## TASK STATEMENT
Below are entries. Reproduce exactly the lines between the line holding "Genu Varum (Bow leg)" and the line holding "Peeling oil Extra", inclusive, and only those.

## EXCERPTED RECORDS
----

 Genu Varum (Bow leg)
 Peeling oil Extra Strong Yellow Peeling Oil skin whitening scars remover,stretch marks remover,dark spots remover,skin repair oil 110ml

----

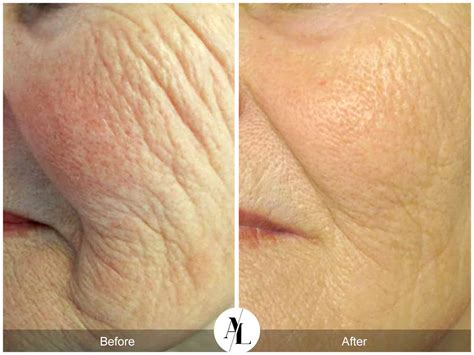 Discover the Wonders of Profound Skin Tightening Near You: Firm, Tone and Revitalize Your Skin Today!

----

## RESPONSE FOR THIS EXERCISE
 Genu Varum (Bow leg)
 Peeling oil Extra Strong Yellow Peeling Oil skin whitening scars remover,stretch marks remover,dark spots remover,skin repair oil 110ml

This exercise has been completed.